Nie należałam do najgorętszych fanów „Queen”, ale muzyczny spektakl mnie porwał i zachwycił. Co więcej, znalazłam w nim podwójny wymiar. Oprócz fantastycznej oprawy, do której należy także nieustanne wrażenie ruchu i wielopoziomowa scena, także refleksję na temat kondycji naszej cywilizacji oraz próbę znalezienia dla niej historycznych odnośników.
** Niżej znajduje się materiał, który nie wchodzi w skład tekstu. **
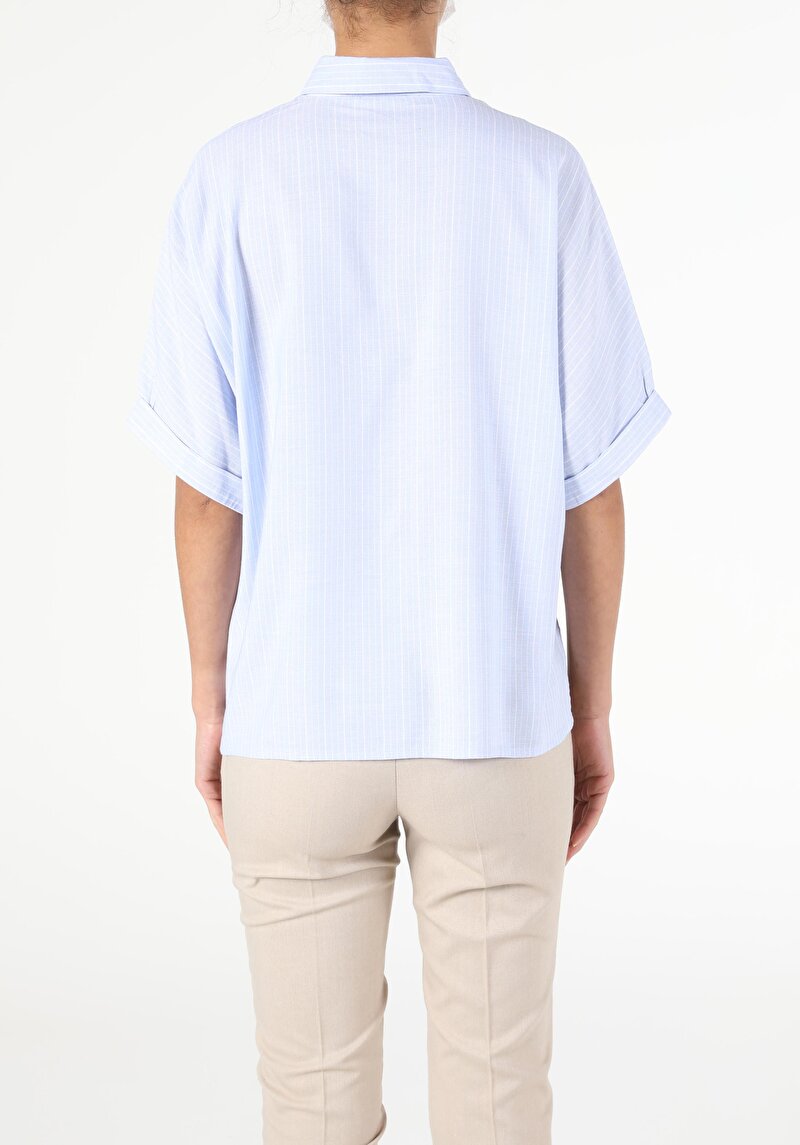 Зображення Сорочка З Коротким Рукавом Жіноча Блакитна Cl1053413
Korporacyjną władzę operującą mieczem świetlnym, wizualnie nawiązującą do „Gwiezdnych wojen”, odniosłabym do przymusowego izolacjonizmu, będącego rewolucją internetową czasów pracy i nauki zdalnej, ekranowym „oświeceniem”. Z kolei glam rockowe nagromadzenie słów, rytmów i stylizacji (charakterystyczne dla zespołu) odczytuję jako wieńczące „rockowy” barok rokoko – ostatni fenomenalny stylistyczny rozkwit koncepcji artystycznych, zwiastujący koniec pewnej epoki.
Musical został wystawiony w ponad 28 państwach na sześciu kontynentach, między innymi w RPA, Rosji, Kanadzie, Francji i Danii… Doceńmy to, że w Polsce pojawił się właśnie teraz. Po roku 2021 wiemy, że wizja świata w nim przedstawiona wcale nie musi dotyczyć XXV wieku… Zbliżamy się do niej tak szybko, że możemy się z nią zmierzyć chociażby w 2025 roku… O ile nie zmierzyliśmy się wcześniej, przynajmniej w kontekście zakazu publicznych zgromadzeń, koncertów i relacji wspólnotowych. Chociażby pojawiające się na początku każdego aktu ostrzeżenie do kobiet, mężczyzn i płci trzeciej… Wcale nie brzmiało jak wzięte z amerykańskiego musicalu, ale normalnie funkcjonujący na terenie Polski przekaz.